- [AIM OF THE EXERCISE] After finding the line that contains "floral earrings - 3", reproduce it and each line below it through the end of the listing, exactly, with nothing added.

==== RECORDS TO PROCESS

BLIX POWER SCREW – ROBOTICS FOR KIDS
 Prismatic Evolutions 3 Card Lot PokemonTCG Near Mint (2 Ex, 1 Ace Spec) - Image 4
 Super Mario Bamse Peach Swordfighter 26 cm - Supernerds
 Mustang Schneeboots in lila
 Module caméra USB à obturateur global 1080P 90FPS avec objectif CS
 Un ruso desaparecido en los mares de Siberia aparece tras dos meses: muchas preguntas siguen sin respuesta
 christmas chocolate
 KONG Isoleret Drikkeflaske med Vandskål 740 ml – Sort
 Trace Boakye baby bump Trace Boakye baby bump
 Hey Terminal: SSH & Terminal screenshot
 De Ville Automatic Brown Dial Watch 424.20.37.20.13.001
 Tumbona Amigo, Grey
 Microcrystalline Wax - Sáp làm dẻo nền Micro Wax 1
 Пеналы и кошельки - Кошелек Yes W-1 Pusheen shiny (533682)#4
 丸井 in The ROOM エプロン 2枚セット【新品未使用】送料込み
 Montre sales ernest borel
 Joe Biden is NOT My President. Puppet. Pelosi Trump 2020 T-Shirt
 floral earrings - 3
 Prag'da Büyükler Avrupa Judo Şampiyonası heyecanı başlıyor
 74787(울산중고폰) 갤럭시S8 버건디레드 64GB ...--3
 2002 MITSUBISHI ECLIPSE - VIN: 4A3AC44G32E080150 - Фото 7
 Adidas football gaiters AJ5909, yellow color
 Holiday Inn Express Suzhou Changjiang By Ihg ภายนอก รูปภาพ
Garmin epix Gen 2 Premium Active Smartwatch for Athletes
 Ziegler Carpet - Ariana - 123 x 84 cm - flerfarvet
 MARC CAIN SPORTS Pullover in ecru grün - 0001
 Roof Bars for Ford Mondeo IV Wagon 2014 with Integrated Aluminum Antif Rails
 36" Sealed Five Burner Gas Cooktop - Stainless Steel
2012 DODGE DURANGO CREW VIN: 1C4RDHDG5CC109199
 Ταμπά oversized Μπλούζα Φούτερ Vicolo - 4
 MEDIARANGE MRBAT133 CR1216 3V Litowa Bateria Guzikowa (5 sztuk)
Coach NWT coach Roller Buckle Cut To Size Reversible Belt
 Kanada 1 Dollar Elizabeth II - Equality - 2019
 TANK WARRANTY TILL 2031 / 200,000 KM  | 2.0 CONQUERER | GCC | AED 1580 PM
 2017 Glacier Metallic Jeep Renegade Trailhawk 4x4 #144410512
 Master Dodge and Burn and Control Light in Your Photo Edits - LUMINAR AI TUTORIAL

========

- [OUTPUT BELOW]
 floral earrings - 3
 Prag'da Büyükler Avrupa Judo Şampiyonası heyecanı başlıyor
 74787(울산중고폰) 갤럭시S8 버건디레드 64GB ...--3
 2002 MITSUBISHI ECLIPSE - VIN: 4A3AC44G32E080150 - Фото 7
 Adidas football gaiters AJ5909, yellow color
 Holiday Inn Express Suzhou Changjiang By Ihg ภายนอก รูปภาพ
Garmin epix Gen 2 Premium Active Smartwatch for Athletes
 Ziegler Carpet - Ariana - 123 x 84 cm - flerfarvet
 MARC CAIN SPORTS Pullover in ecru grün - 0001
 Roof Bars for Ford Mondeo IV Wagon 2014 with Integrated Aluminum Antif Rails
 36" Sealed Five Burner Gas Cooktop - Stainless Steel
2012 DODGE DURANGO CREW VIN: 1C4RDHDG5CC109199
 Ταμπά oversized Μπλούζα Φούτερ Vicolo - 4
 MEDIARANGE MRBAT133 CR1216 3V Litowa Bateria Guzikowa (5 sztuk)
Coach NWT coach Roller Buckle Cut To Size Reversible Belt
 Kanada 1 Dollar Elizabeth II - Equality - 2019
 TANK WARRANTY TILL 2031 / 200,000 KM  | 2.0 CONQUERER | GCC | AED 1580 PM
 2017 Glacier Metallic Jeep Renegade Trailhawk 4x4 #144410512
 Master Dodge and Burn and Control Light in Your Photo Edits - LUMINAR AI TUTORIAL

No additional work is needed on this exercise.